Biblioteca Nacional R/2307. Encuadernación en pasta con hierros dorados.
Tejuelo: Sylva/de/Medrano/Paris/1583. GG1 invertido recto y
verso.Notas mss. entre líneas en todo el texto.
Bibliografía: BLH,
XIV: 4 168. |
Comentario
La variedad, que constituye un rasgo estilístico
netamente renacentista, se amparó, para asomarse a los títulos de algunos libros de
cosas diversas, en la etimología latina de la palabra silva (Vossler, 1941: 97-101).
Otras veces fue un jardín o una floresta los que advertían con su nombre que las
páginas que anunciaban eran una miscelánea. La selva más famosa fue la de varia
lección de Pedro Mejía (1540). Marcel Bataillon (19914:
637) la juzga un libro mediocre pero «uno de los grandes éxitos de librería del
siglo XVI, un verdadero éxito europeo». Entre los jardines, el de flores curiosas
de Antonio de Torquemada (1570) se impone sobre los demás cultivos de amenidad y
curiosidades.
Antes de ser el nombre de un poema resume Molho (1977: 46) el
hábito de la varia lección la silva designa, en español, una miscelánea:
verso o prosa compilados al azar y entregados al lector sin que ningún orden aparente
confiera a la obra su estructura.
La Silva curiosa de Julián de Medrano se
acomoda a esas características enunciadas.

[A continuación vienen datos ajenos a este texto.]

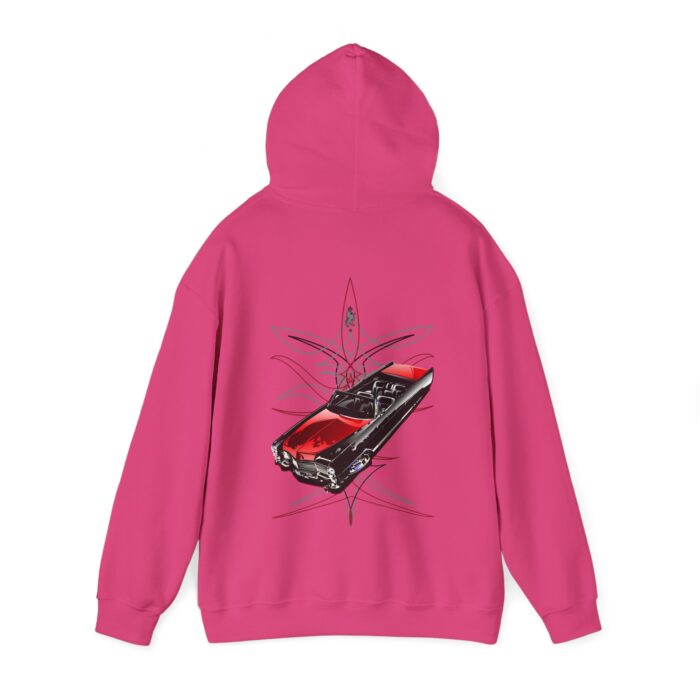 Cadi with pinstriping (jimmy Smith Design) Unisex Heavy Blend™ Hooded Sweatshirt - Image 23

En palabras de Mercedes Alcalá Galán
(1998: 10-11)
participa de todos los principios genéricos
aplicables a las misceláneas y cuenta con la particularidad de que su contenido es
plenamente literario y ficcional [...] El uso del tópico del jardín en el que crecen
diversas flores como sinónimo de obra de carácter misceláneo indica la voluntad de
amenidad y cierta libertad de composición que puede acercarse a un tipo específico de
improvisación en la escritura. El jardín silva, vergel o floresta no
funciona como metáfora lineal; denota más bien la idea de un espacio amplio y plural en
el que es posible mirar en distintas direcciones encontrando siempre variedad y sorpresa.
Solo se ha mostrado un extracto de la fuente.